Impressive numbers. But what if I tell you that there was a statistics course that attracted 1.2 million students by itself? Furthermore, what if I tell you that the course was offered in 1960?
The story begins in 1957, when the Soviet Union successfully launched Sputnik I, the world's first artificial satellite. In response, the US government poured money into math and science education. Many of the nation’s top scientists developed new courses aimed to educate teachers and students in the fundamentals of math and science.
One of those scientists was Frederick Mosteller, a statistician at Harvard and a future president of the American Statistical Association, who wrote an elementary textbook on probability and statistics. His book was so popular that he was asked to be the lecturer for a nationally televised version of his course, to be shown on an NBC program known as Continental Classroom. The probability and statistics course was part of the third season of the show, which had featured physics and chemistry as topics for the first two seasons.
195 television stations broadcast the 30-minute show at 6:30 a.m. every weekday. More than 75,000 students took the course for credit through a nationwide arrangement with 320 colleges and universities. Exams were mailed to the colleges and administered by a local teacher who served as a course assistant. About 1.2 million people viewed the course for no credit by watching their local NBC affiliate station.
As is the case for today’s MOOCs, it is doubtful that all of the people who took the course mastered the material. However, the fact that 1.2 million people viewed the course is impressive. Today’s MOOCs have not managed to attract that many students, even though they have several advantages over Mosteller’s televised course. Today’s students can watch (and rewatch!) video lectures whenever it is convenient, rather than at 6:30 each morning. Furthermore, Internet technology provides today’s MOOCs with a global audience that can interact with each other and with teaching assistants 24/7.

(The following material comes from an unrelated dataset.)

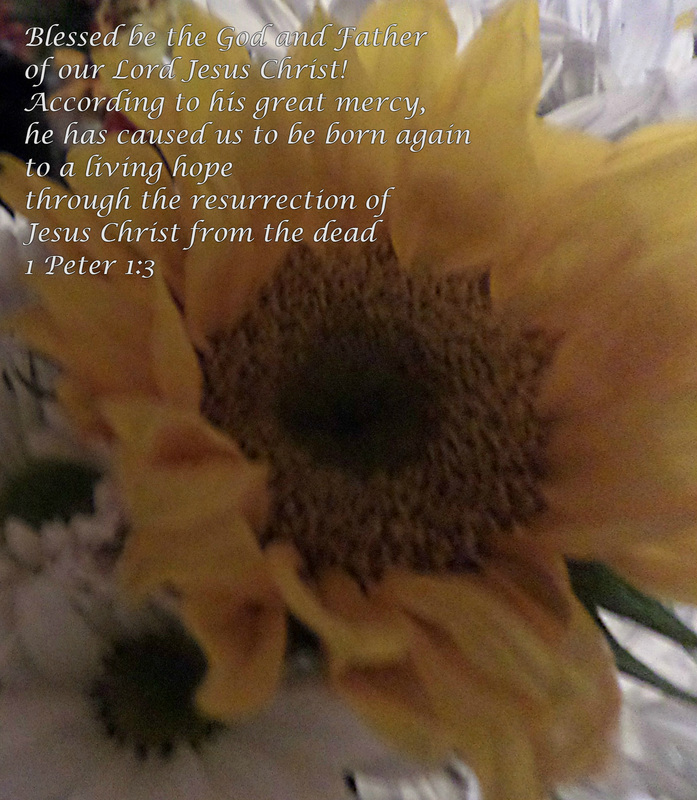 Blessed be the God and Father of our Lord Jesus Christ! According to his great mercy, he has caused us to be born again to a living hope through the resurrection of Jesus Christ from the dead 1 Peter 1:3 On photo of Sunflower by Donna Campbell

Because the Internet had not been invented yet, it is a stretch to classify Mosteller’s course as “online.” However, it was definitely massive and open, so perhaps I should call it a MOC instead of a MOOC. Whatever you call it, Fred Mosteller’s Continental Classroom deserves to be remembered as a daring experiment that introduced many of the ideas for distance learning that are still being used 50 years later in the Internet Age.
For additional details on Continental Classroom see The Pleasure of Statistics: The Autobiography of Frederick Mosteller, from which most of the information in this article was taken (p. 259-264). The same book contains many more interesting stories about Mosteller, one of the preeminent statisticians of the 20th century.